- [Description of the task]: For every record that follows, write out the text exactly and omit the picture, if one is present.
%%
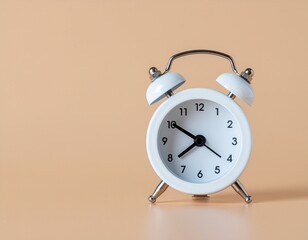 Vintage white alarm clock with two bells on a neutral background, symbolizing time and punctuality
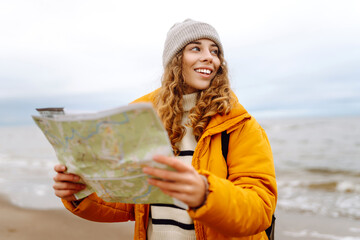 Traveler explorer young woman holding compass and a map in her hands on the beach near the sea....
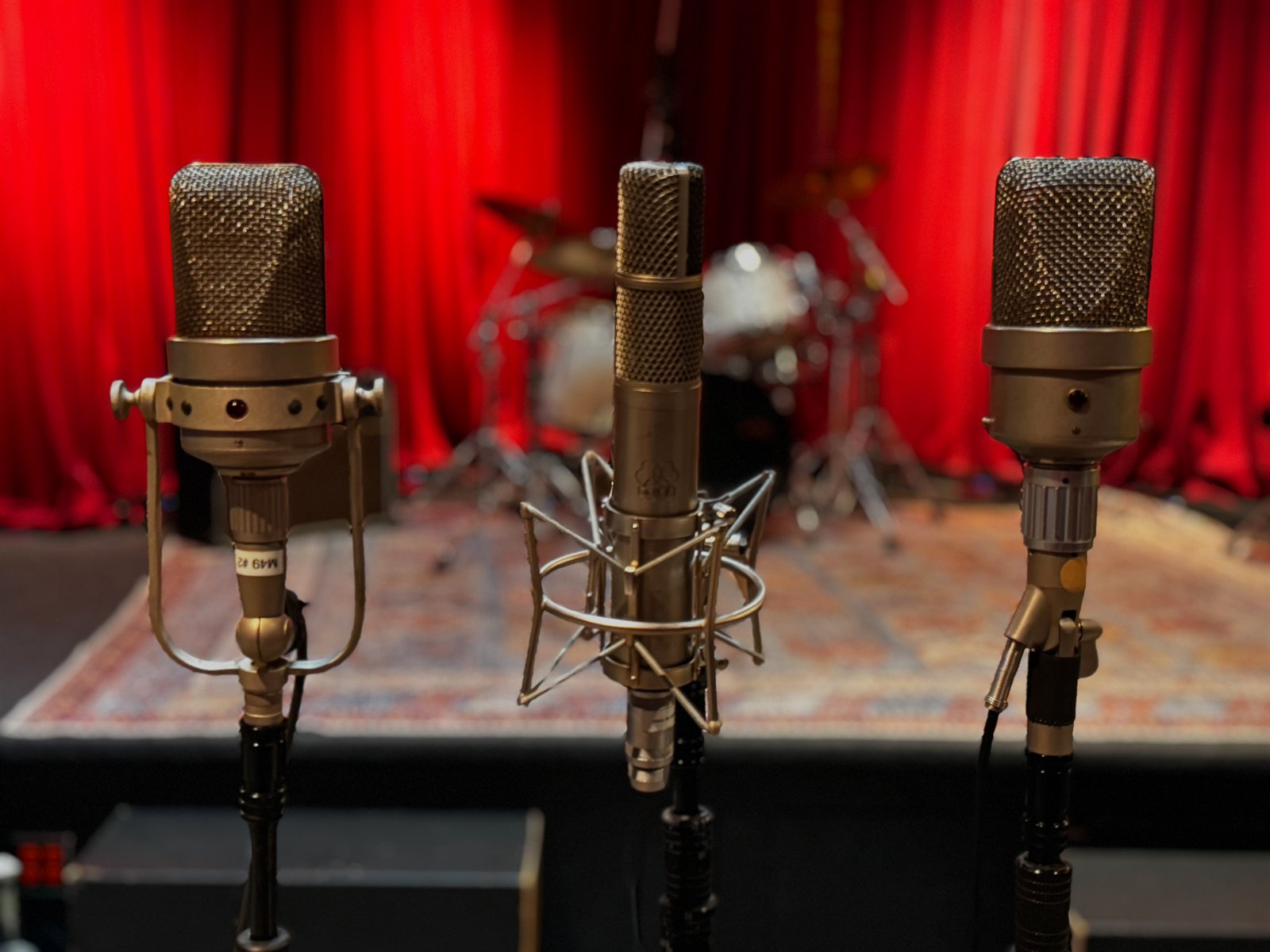 Two Neumann M-49 tube microphones flanking an AKG C-24 stereo tube microphone on the Live Room stage — Clearmountain's Berkeley Street Studios Santa Monica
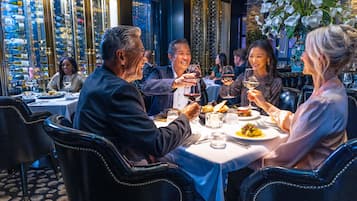 A group of people dining at a restaurant with a wine rack in the background.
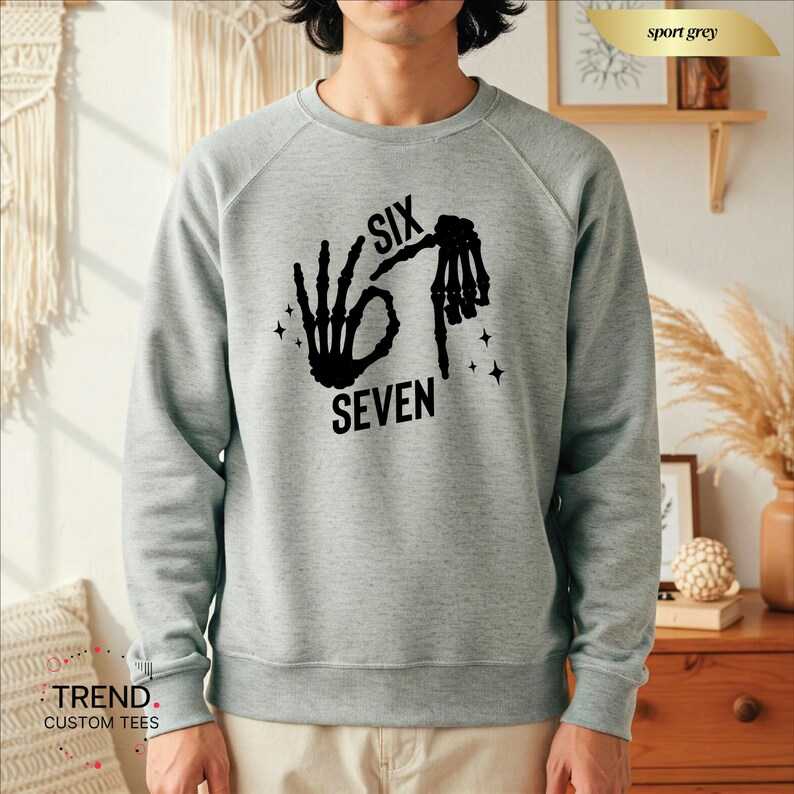 K&ouml;nnte beinhalten: Ein hellgraues Sweatshirt mit einem schwarzen Aufdruck, der Handgesten und die Worte "SIX SEVEN" zeigt. Das Sweatshirt hat einen Rundhalsausschnitt und lange &Auml;rmel. Der Text und die Handgesten sind in einer fetten, serifenlosen Schrift.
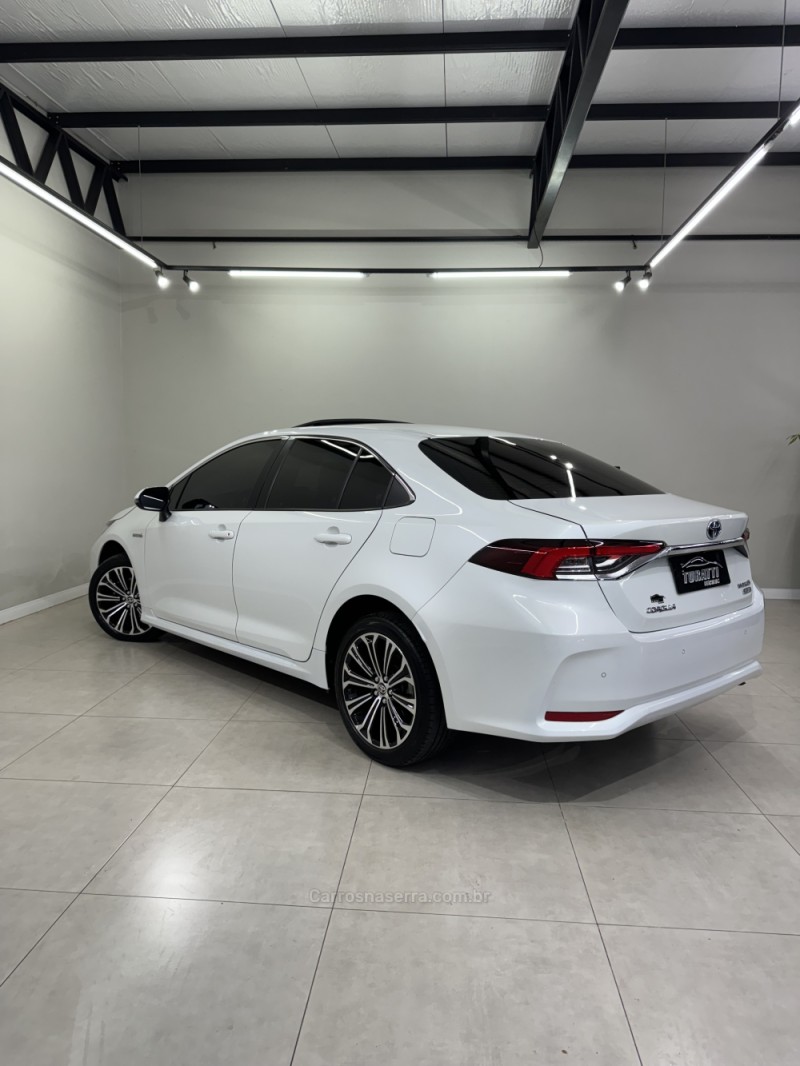 COROLLA 1.8 ALTIS PREMIUM 16V HÍBRIDO 4P AUTOMÁTICO - 2022 - ENCANTADO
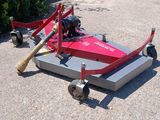 a lawn mower sitting on the ground in the middle of the road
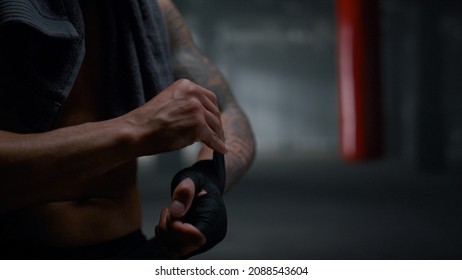 Closeup African American man pulling bandages on hands before boxing training. Athletic guy wrapping hands with punching wraps. Unrecognizable male fighter using boxing tapes for intense workout - Powered by Shutterstock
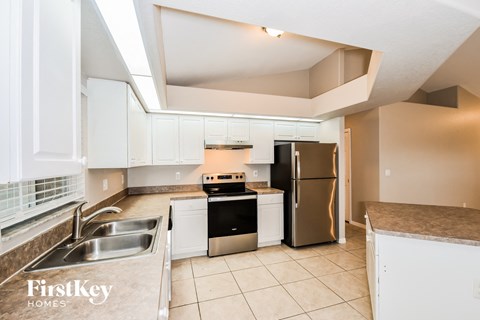 a kitchen with stainless steel appliances and white cabinets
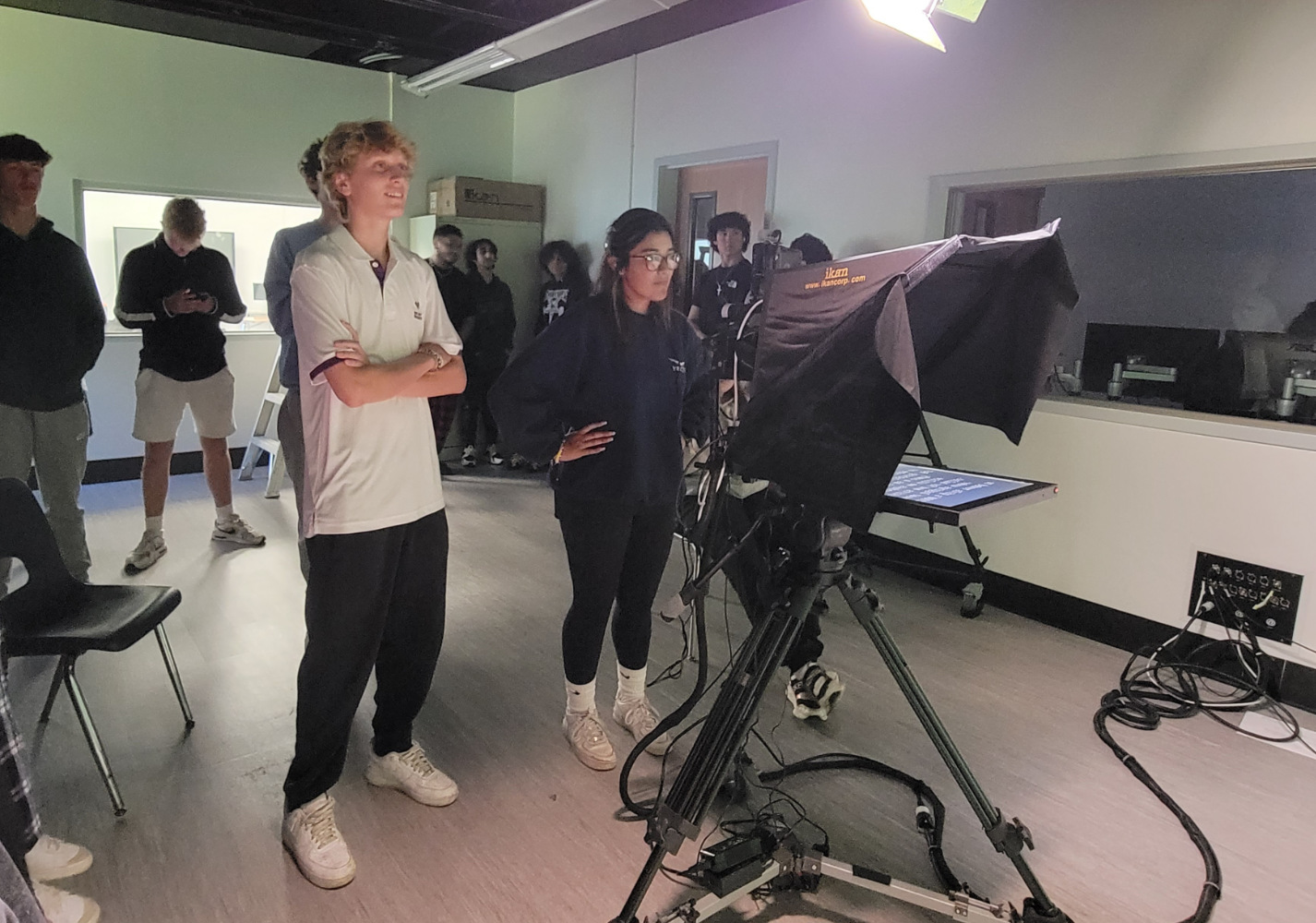  Alum James Rosselli in the high school's vide obroadcasting center.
%%
- [Task output]:
 Vintage white alarm clock with two bells on a neutral background, symbolizing time and punctuality
 Traveler explorer young woman holding compass and a map in her hands on the beach near the sea....
 Two Neumann M-49 tube microphones flanking an AKG C-24 stereo tube microphone on the Live Room stage — Clearmountain's Berkeley Street Studios Santa Monica
 A group of people dining at a restaurant with a wine rack in the background.
 K&ouml;nnte beinhalten: Ein hellgraues Sweatshirt mit einem schwarzen Aufdruck, der Handgesten und die Worte "SIX SEVEN" zeigt. Das Sweatshirt hat einen Rundhalsausschnitt und lange &Auml;rmel. Der Text und die Handgesten sind in einer fetten, serifenlosen Schrift.
 COROLLA 1.8 ALTIS PREMIUM 16V HÍBRIDO 4P AUTOMÁTICO - 2022 - ENCANTADO
 a lawn mower sitting on the ground in the middle of the road
 Closeup African American man pulling bandages on hands before boxing training. Athletic guy wrapping hands with punching wraps. Unrecognizable male fighter using boxing tapes for intense workout - Powered by Shutterstock
 a kitchen with stainless steel appliances and white cabinets
  Alum James Rosselli in the high school's vide obroadcasting center.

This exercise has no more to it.